OK, let's take a little time to explore what is really the issue here.
First off, as others have pointed out, it is good practice to set a pointer variable, in your case
value
to NULL when you "free up" some allocated memory, using either
free()
or
delete
as appropriate. In other languages (like C#) the variable would be more properly called the "referencer" but in C/C++ it is the "pointer" variable.
However, as others have pointed out, you have really created a second copy of the "pointer" when you added
value
to the
vector
, so now you have two variables, each pointing to the same memory location. There is no magic on this planet that will run around and look at all the variables you have and set them to NULL if they point to some block of memory being "freed up". You have to do that yourself.

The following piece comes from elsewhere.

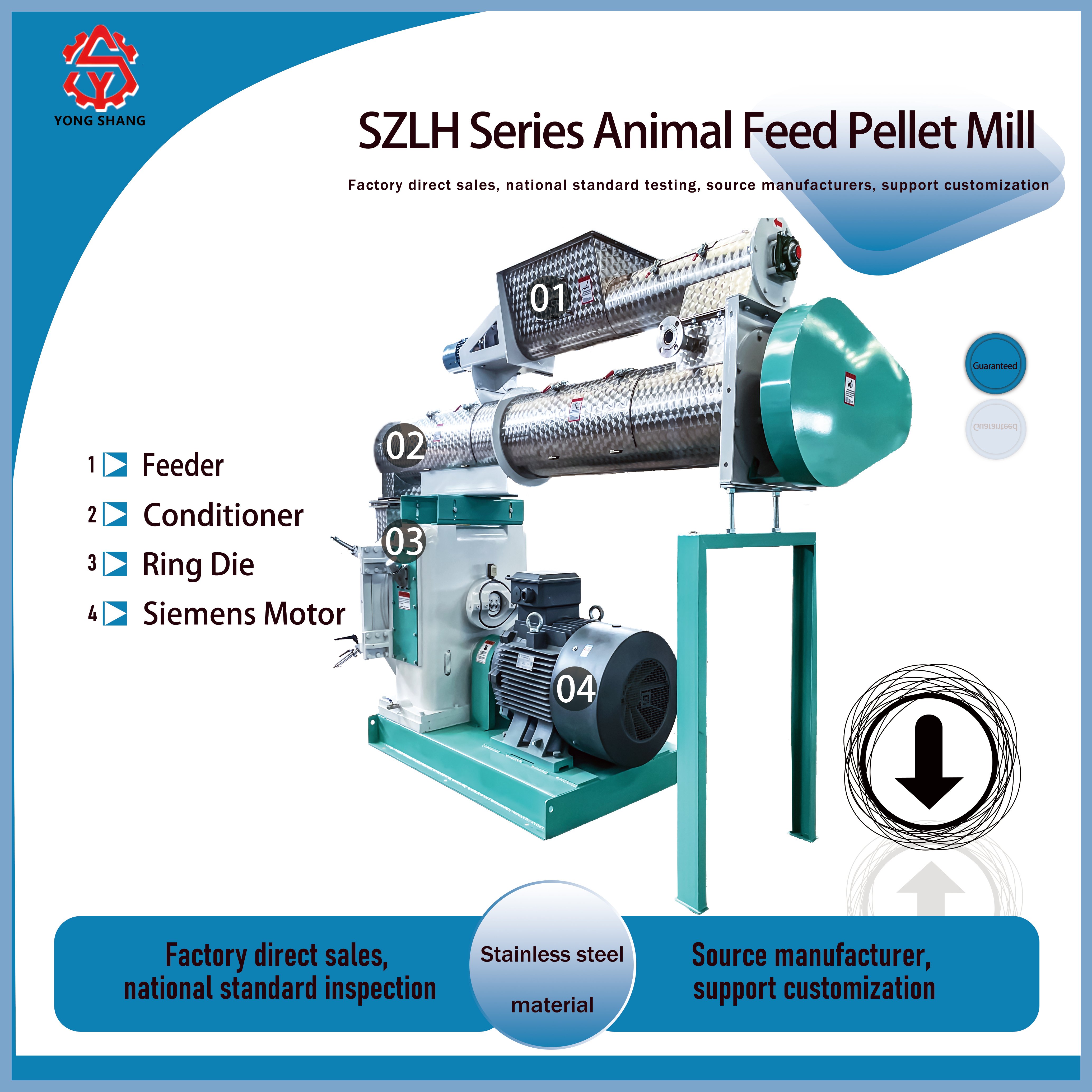 High quality Pellet Machine Feed Pellet Mill For Producing Animal Feed/feed processing machine from China liyang YSM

Now you do, in fact, follow this good practice when you use
delete
on the
list[i]
element and immediately set the pointer to NULL. So you are on the right track.
This brings up the issue of "ownership". Usually, having multiple pointers to the same allocated memory block is a bad idea. Oh, I can see times when that's useful but it has confused you in this usage. Once you added the value of
value
to the vector, you "gave up ownership" of that allocated memory to the vector. A fact that you recognize because you are doing the actual "freeing up" of that memory by referencing it through
list
.
What is another good practice is to also NULL out a pointer when you yield "ownership" to another variable / place. In this instance, if you really did not want a lingering pointer to the memory left in
value
, you should set it to NULL after adding it to the vector. In other words, once you added it to vector,
value
no longer "owns" what happens to that memory and at that point, to avoid future problems, you should have set the contents to NULL.
list.push_back(value);
value = NULL;
This "giving up of ownership" is demonstrated quite nicely in the earlier part of your code where you use a single pointer,
a
inside a loop to allocate 10 different memory blocks. Clearly each time through the loop you overwrite (some would say "clobber")
a
with the next allocation but, fortunately for you, you created another copy of the pointer by placing it in the vector.